Definition - What does Degreasing mean?
Degreasing is the removal of grease and oil from a surface. It is widely used to remove oils and oil-borne soils from objects that have been stamped, machined, welded, die-cast, etc.
Degreasing cleans almost all electronic assemblies, electrical components and almost all metals, and nearly any size or shape part can be cleaned.
Degreasing is an essential part of the production process, particularly in industries fabricating or assembling metal parts, such as aircraft, appliances, automotive, electronics and railroad.
Degreasing is also known as defatting or fat trimming.
Corrosionpedia explains Degreasing
Degreasing is a process for removing water-insoluble substances such as:
- Carbon deposits
In most cases the process is applied to metal products, but plastic, fiber glass, printed circuit boards and other products are treated by the same process. Therefore, it has a wide range of applications.
There are many different types of degreasing chemicals that can be used, such as:
- Degreasing sprays
- Vapor degreasing solvents
- Steam-delivered degreasers
The most common degreasing chemicals for manufacturing and industrial use are detergent-based products that use a combination of chemical concentrates suspended in a liquid or powder base.
In solvent degreasing, a cleaning agent, typically petroleum, chlorine or alcohol-based solvent, is applied directly to the surface by spraying, brushing or wiping. This process removes oil, grease, dirt, loose particles and any other contaminants that may exist on the surface of the material and prepares it for further operations such as electroplating or painting. The metal-working industries are the major users of solvent degreasing. Repair stations for transportation vehicles also sometimes use solvent cleaning.

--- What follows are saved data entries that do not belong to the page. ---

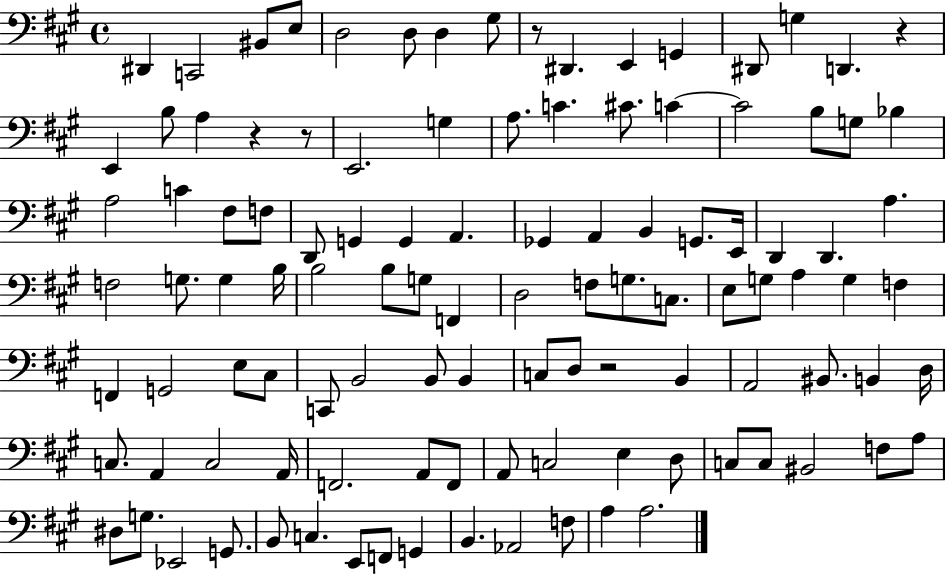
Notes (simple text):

D#2/q C2/h BIS2/e E3/e D3/h D3/e D3/q G#3/e R/e D#2/q. E2/q G2/q D#2/e G3/q D2/q. R/q E2/q B3/e A3/q R/q R/e E2/h. G3/q A3/e. C4/q. C#4/e. C4/q C4/h B3/e G3/e Bb3/q A3/h C4/q F#3/e F3/e D2/e G2/q G2/q A2/q. Gb2/q A2/q B2/q G2/e. E2/s D2/q D2/q. A3/q. F3/h G3/e. G3/q B3/s B3/h B3/e G3/e F2/q D3/h F3/e G3/e. C3/e. E3/e G3/e A3/q G3/q F3/q F2/q G2/h E3/e C#3/e C2/e B2/h B2/e B2/q C3/e D3/e R/h B2/q A2/h BIS2/e. B2/q D3/s C3/e. A2/q C3/h A2/s F2/h. A2/e F2/e A2/e C3/h E3/q D3/e C3/e C3/e BIS2/h F3/e A3/e D#3/e G3/e. Eb2/h G2/e. B2/e C3/q. E2/e F2/e G2/q B2/q. Ab2/h F3/e A3/q A3/h.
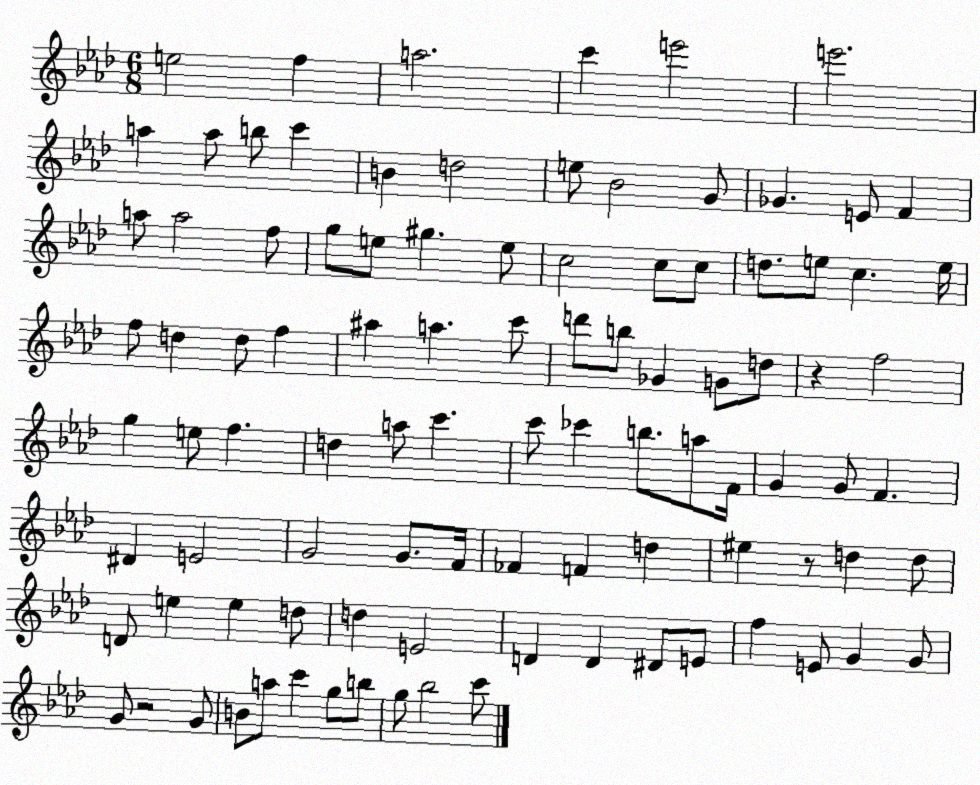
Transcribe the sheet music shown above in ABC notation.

X:1
T:Untitled
M:6/8
L:1/4
K:Ab
e2 f a2 c' e'2 e'2 a a/2 b/2 c' B d2 e/2 _B2 G/2 _G E/2 F a/2 a2 f/2 g/2 e/2 ^g e/2 c2 c/2 c/2 d/2 e/2 c e/4 f/2 d d/2 f ^a a c'/2 d'/2 b/2 _G G/2 d/2 z f2 g e/2 f d a/2 c' c'/2 _c' b/2 a/2 F/4 G G/2 F ^D E2 G2 G/2 F/4 _F F d ^e z/2 d d/2 D/2 e e d/2 d E2 D D ^D/2 E/2 f E/2 G G/2 G/2 z2 G/2 B/2 a/2 c' g/2 b/2 g/2 _b2 c'/2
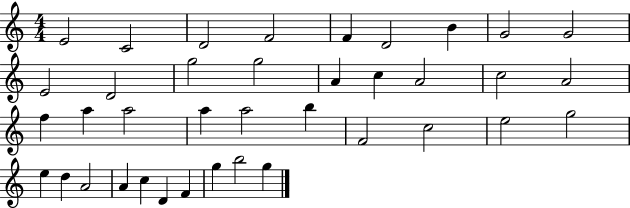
{
  \clef treble
  \numericTimeSignature
  \time 4/4
  \key c \major
  e'2 c'2 | d'2 f'2 | f'4 d'2 b'4 | g'2 g'2 | \break e'2 d'2 | g''2 g''2 | a'4 c''4 a'2 | c''2 a'2 | \break f''4 a''4 a''2 | a''4 a''2 b''4 | f'2 c''2 | e''2 g''2 | \break e''4 d''4 a'2 | a'4 c''4 d'4 f'4 | g''4 b''2 g''4 | \bar "|."
}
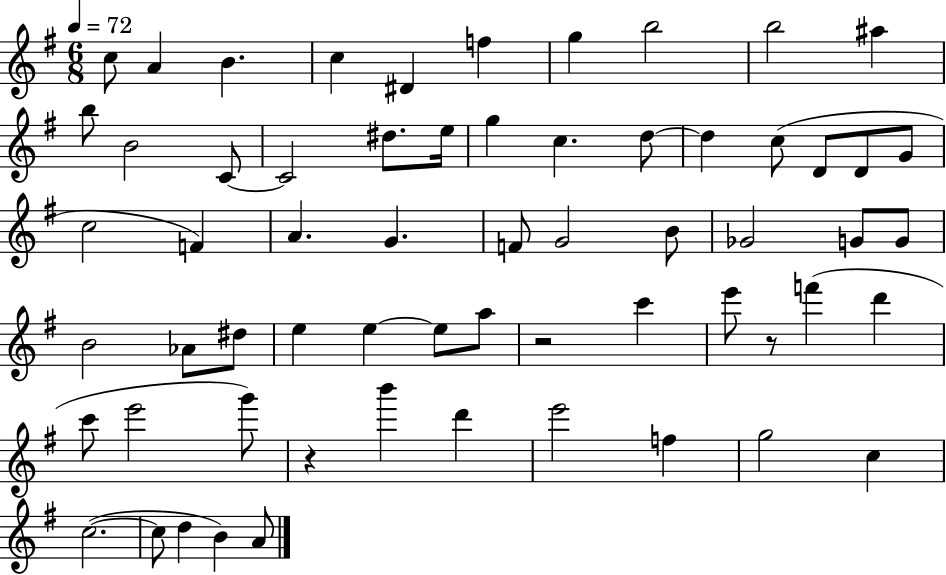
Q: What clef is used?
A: treble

In vapor degreasing, solvents in vapor form are used to cleanse the workpiece in preparation for further finishing operations. The acting principle behind the vapor degreaser process is that the solvents dissolve the contaminants on the workpiece and remove them by dripping off the part. Tiny electronics parts, aircraft components and automotive parts can all be safely, completely and quickly cleaned with this technique.